__Requirement__
Find the lines of the records in which the word "sale" appears and report how many there are, as a number alone.

The input: Begin

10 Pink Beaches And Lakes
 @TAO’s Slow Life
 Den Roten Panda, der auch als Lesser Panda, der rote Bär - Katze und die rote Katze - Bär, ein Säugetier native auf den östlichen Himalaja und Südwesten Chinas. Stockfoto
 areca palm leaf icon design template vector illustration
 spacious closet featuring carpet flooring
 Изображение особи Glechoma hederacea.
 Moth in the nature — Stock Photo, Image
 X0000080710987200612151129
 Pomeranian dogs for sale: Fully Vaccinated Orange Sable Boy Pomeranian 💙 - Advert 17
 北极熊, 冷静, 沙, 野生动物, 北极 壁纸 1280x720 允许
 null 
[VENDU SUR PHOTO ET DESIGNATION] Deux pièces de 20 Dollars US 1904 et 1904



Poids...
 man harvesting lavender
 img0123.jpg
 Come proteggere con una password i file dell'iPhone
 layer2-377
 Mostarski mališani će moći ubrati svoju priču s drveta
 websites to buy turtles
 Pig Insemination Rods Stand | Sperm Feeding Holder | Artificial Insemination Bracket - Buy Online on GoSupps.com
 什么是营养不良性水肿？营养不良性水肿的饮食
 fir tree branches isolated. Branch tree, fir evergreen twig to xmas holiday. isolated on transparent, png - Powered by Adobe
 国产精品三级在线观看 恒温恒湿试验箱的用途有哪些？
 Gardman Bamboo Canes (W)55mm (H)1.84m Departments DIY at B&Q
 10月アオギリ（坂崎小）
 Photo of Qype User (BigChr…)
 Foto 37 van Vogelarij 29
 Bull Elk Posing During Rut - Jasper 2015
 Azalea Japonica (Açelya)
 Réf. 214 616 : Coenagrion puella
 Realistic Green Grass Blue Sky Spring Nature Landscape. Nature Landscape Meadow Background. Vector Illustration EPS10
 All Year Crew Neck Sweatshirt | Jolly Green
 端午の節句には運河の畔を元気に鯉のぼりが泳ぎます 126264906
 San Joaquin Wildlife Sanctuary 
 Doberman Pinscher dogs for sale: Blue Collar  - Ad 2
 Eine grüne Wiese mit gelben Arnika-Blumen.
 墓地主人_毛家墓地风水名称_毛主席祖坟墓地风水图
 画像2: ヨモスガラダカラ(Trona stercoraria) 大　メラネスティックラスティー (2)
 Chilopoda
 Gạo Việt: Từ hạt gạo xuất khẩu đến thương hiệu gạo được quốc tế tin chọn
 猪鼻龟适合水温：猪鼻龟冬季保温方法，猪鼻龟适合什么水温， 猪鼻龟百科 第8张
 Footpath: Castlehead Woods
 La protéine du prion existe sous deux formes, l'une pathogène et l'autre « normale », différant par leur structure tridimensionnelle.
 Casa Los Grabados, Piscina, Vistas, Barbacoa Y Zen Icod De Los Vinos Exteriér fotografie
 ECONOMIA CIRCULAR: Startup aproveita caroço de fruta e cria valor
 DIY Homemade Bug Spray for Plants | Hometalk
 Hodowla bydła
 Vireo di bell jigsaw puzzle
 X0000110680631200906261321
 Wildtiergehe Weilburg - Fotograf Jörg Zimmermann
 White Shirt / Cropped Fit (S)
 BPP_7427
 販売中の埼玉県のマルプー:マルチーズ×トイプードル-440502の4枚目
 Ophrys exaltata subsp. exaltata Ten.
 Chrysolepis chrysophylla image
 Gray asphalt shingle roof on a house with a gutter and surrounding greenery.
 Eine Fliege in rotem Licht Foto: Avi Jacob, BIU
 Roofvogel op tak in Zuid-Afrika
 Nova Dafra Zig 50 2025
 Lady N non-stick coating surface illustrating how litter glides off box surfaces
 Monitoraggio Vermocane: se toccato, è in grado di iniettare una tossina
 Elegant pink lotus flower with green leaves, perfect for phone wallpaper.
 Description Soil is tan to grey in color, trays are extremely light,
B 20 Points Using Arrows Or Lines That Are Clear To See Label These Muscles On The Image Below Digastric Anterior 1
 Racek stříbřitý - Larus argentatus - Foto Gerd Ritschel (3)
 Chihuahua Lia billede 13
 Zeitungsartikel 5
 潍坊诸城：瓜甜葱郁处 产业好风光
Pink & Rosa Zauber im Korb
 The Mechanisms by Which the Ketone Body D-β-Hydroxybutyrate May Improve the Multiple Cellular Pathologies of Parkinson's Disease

The input: End

__Solution__
2